Role of intestinal Bifidobacterium pseudolongum in dietary fructo-oligosaccharide inhibition of 2,4-dinitrofluorobenzene-induced contact hypersensitivity in mice.

Strategies to manipulate the gut microbiota have been explored for preventing allergy development. We previously showed that dietary supplementation with fructo-oligosaccharide (FOS) reduced 2, 4-dinitrofluorobenzene (DNFB)-induced contact hypersensitivity (CHS) in BALB/c mice. Because the CHS response was negatively correlated with the number of faecal bifidobacteria, particularly Bifidobacterium pseudolongum, the present study aimed to examine whether oral administration of B. pseudolongum affects CHS response. Viable B. pseudolongum was successfully isolated from mouse faeces. Female BALB/c mice were fed a synthetic diet with or without FOS supplementation, and B. pseudolongum (2 x 10(7) cells) was administered daily throughout the experimental period.
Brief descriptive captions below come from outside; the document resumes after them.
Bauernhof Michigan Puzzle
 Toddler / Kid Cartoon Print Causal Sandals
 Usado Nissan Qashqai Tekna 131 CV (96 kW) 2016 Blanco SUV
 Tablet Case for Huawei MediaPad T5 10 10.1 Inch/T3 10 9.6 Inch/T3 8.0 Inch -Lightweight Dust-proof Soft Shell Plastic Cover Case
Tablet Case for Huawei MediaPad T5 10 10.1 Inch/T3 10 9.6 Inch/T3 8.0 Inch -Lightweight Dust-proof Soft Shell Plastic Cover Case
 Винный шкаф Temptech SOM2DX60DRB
Two weeks after starting the test diets, mice received DNFB on the ear auricle twice at 7-d intervals. Conventional cultivation and molecular biological analyses based on 16S rRNA gene sequences showed that administration of FOS and B. pseudolongum resulted in higher excretion of viable bifidobacteria, mainly B. pseudolongum. Although dietary FOS reduced the CHS response as demonstrated by ear swelling, B. pseudolongum administration resulted in a reduction in the initial phase only of the CHS response. B. pseudolongum administration increased hapten-specific IgG1, while dietary FOS decreased IgG2a in sera. Administration of FOS and B. pseudolongum decreased interferon-gamma production and increased IL-10 production in cervical lymph node cells restimulated with hapten in vitro. We conclude that B. pseudolongum proliferation in the intestinal tract is partially responsible for the reduction in DNFB-induced CHS response by dietary supplementation with FOS in mice, which may be mediated by the modulation of antigen-induced cytokine production.